START Source data
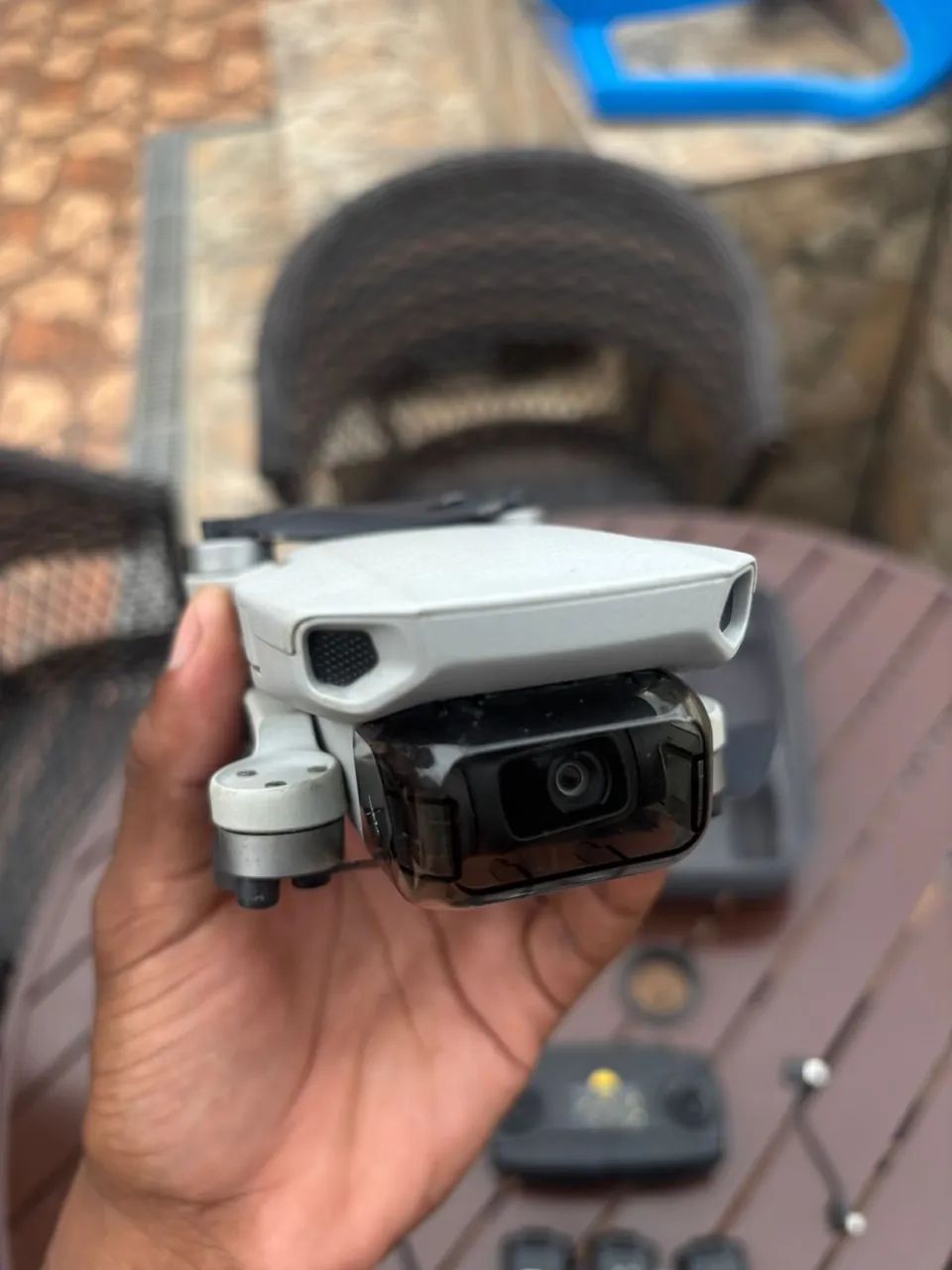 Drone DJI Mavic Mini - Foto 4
END Source data
START Source data
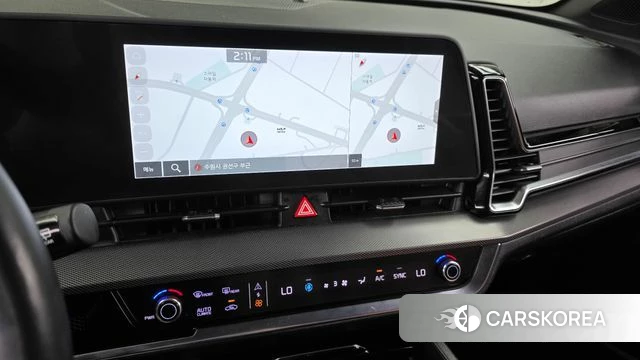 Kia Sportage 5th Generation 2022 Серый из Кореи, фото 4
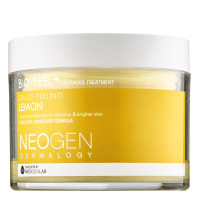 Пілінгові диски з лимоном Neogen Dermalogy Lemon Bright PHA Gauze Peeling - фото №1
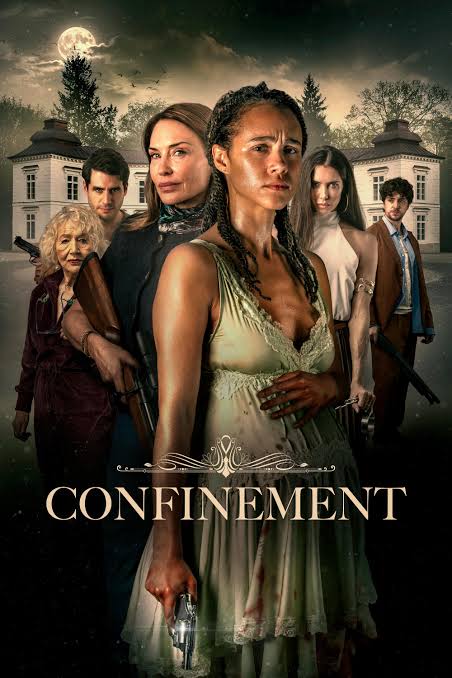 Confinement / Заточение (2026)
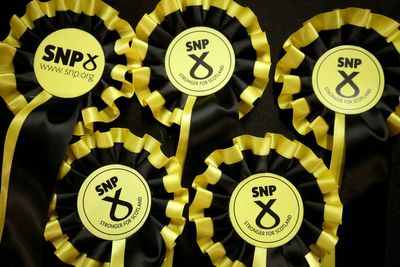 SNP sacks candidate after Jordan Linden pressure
END Source data
__Requirement__: Looking above, find the stretch of lines that opens with the one holding "Kia Sportage 5th" and closes with the one holding "SNP sacks candidate". Copy it exactly, pictures excluded.

__The completed task__:
 Kia Sportage 5th Generation 2022 Серый из Кореи, фото 4
 Пілінгові диски з лимоном Neogen Dermalogy Lemon Bright PHA Gauze Peeling - фото №1
 Confinement / Заточение (2026)
 SNP sacks candidate after Jordan Linden pressure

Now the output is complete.